Perfect World offers eleven unplugged slices of back-porch melody, a cool summer breeze that will pick you up and whisk your cares away. Every song is graced by Krekel's melodic guitar and pleasantly familiar voice, a combination perfectly suited to the warmly personal tales he spins.

While the title track acknowledges his devotion to music, the subsequent "I Love You" is an unabashed declaration of love that finds a sweet dignity where others might get syrupy. "The Lesson" is a pretty ballad that's as well-written as anything you'll find on the country charts (and better than most), while "Lilly's place" is a bittersweet reflection on the way things change over the years, not always for the better.
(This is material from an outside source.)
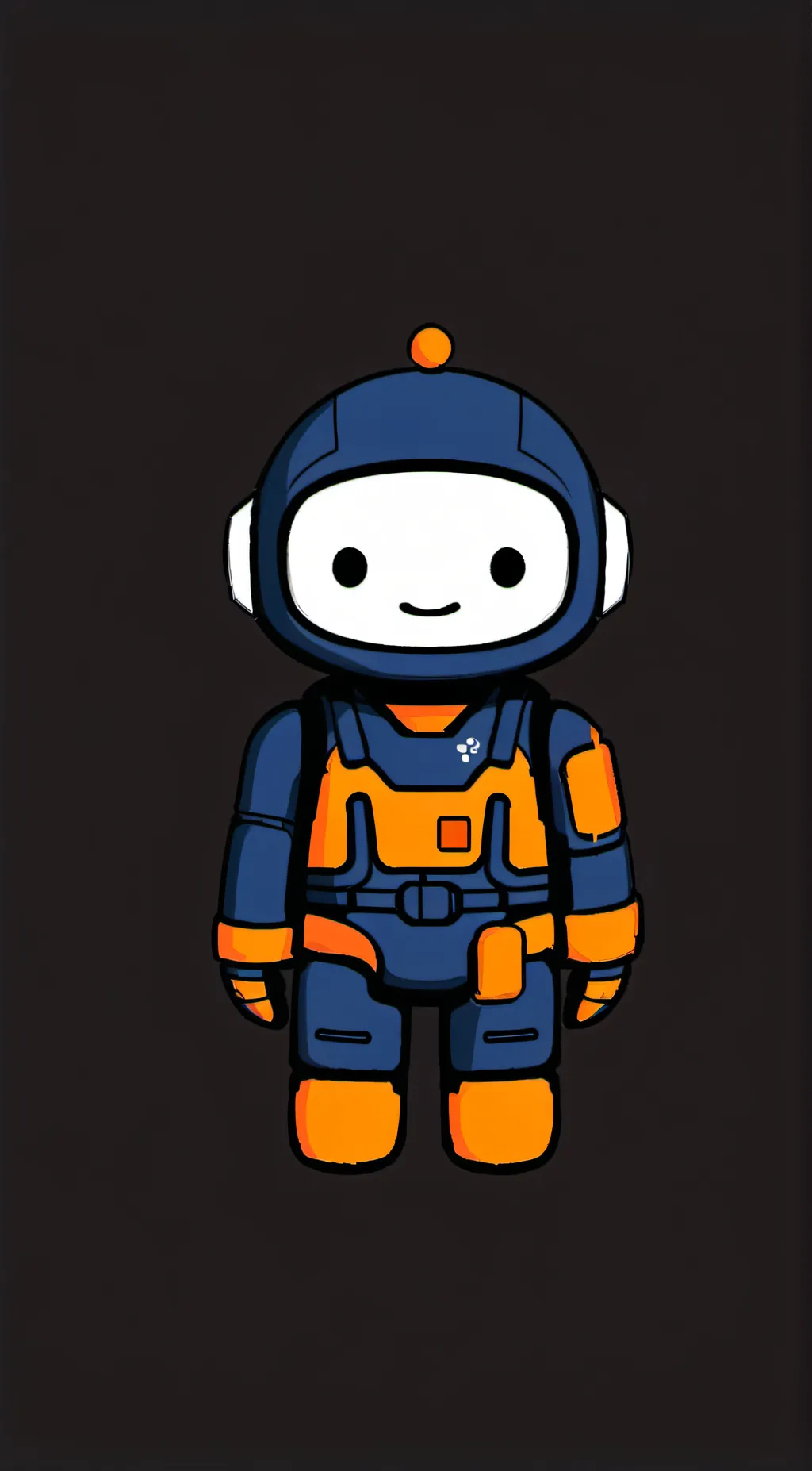 ai character: Clyde (Discord) background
And your toes will start tapping all on their own at the tongue-in-cheek "California Woman," which mines familiar pop territory with sly good humor.

Part of the charm of Krekel's music is the clarity with which it recalls the innocence of youth, a trip the singer makes time and again on songs like "The Big Wide Open." His reminiscing takes on a soft Latin swing in the lovely "Kentucky Samba," with its haunting melody and hushed Spanish guitar, then continues with the playful "Mason Dixon Buckaroo," and right on into the sweet street-corner melody of "West End Story." What keeps these trips down memory lane from lapsing into mere nostalgia is the way Krekel uses the smallest details to set you traveling down the road of your own lost youth.

The good-natured "happy trails" goofiness of "Heading for the Hollywood Hills" brings the album back to the present. But the true measure of an album is how often you want to hear it.